**WHAT YOU SHOULD DO:** I'd like an exact copy of every line from the start of the entries below through the line containing "Volkswagen Tiguan 1.5", please.

......

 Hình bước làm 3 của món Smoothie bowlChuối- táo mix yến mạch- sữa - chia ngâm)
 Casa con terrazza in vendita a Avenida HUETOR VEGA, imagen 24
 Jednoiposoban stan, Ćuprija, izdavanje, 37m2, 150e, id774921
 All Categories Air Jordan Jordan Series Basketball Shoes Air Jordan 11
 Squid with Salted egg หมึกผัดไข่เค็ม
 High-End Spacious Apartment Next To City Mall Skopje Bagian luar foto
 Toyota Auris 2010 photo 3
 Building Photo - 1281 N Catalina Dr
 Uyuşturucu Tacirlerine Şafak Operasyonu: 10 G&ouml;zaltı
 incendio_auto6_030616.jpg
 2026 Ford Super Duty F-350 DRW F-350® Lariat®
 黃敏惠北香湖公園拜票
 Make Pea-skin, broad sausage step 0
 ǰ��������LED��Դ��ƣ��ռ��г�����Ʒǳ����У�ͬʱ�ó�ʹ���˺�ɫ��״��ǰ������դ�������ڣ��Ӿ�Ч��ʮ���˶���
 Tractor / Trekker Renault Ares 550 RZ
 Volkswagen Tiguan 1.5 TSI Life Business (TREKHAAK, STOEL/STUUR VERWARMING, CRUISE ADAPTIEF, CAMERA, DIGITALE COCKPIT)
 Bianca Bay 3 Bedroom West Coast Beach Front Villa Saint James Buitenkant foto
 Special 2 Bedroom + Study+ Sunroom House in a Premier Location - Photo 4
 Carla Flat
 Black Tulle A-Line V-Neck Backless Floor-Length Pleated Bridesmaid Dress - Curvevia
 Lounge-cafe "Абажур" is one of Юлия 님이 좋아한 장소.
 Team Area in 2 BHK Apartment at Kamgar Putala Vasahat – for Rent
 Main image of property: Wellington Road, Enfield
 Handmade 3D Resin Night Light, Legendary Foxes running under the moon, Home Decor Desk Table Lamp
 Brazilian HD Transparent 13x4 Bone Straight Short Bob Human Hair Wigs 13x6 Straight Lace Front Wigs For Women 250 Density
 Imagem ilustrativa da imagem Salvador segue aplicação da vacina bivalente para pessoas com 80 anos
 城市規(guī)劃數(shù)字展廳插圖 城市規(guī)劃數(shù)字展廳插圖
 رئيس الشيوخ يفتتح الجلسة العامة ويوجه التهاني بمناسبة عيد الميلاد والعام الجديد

......

**WRITTEN SOLUTION:**
 Hình bước làm 3 của món Smoothie bowlChuối- táo mix yến mạch- sữa - chia ngâm)
 Casa con terrazza in vendita a Avenida HUETOR VEGA, imagen 24
 Jednoiposoban stan, Ćuprija, izdavanje, 37m2, 150e, id774921
 All Categories Air Jordan Jordan Series Basketball Shoes Air Jordan 11
 Squid with Salted egg หมึกผัดไข่เค็ม
 High-End Spacious Apartment Next To City Mall Skopje Bagian luar foto
 Toyota Auris 2010 photo 3
 Building Photo - 1281 N Catalina Dr
 Uyuşturucu Tacirlerine Şafak Operasyonu: 10 G&ouml;zaltı
 incendio_auto6_030616.jpg
 2026 Ford Super Duty F-350 DRW F-350® Lariat®
 黃敏惠北香湖公園拜票
 Make Pea-skin, broad sausage step 0
 ǰ��������LED��Դ��ƣ��ռ��г�����Ʒǳ����У�ͬʱ�ó�ʹ���˺�ɫ��״��ǰ������դ�������ڣ��Ӿ�Ч��ʮ���˶���
 Tractor / Trekker Renault Ares 550 RZ
 Volkswagen Tiguan 1.5 TSI Life Business (TREKHAAK, STOEL/STUUR VERWARMING, CRUISE ADAPTIEF, CAMERA, DIGITALE COCKPIT)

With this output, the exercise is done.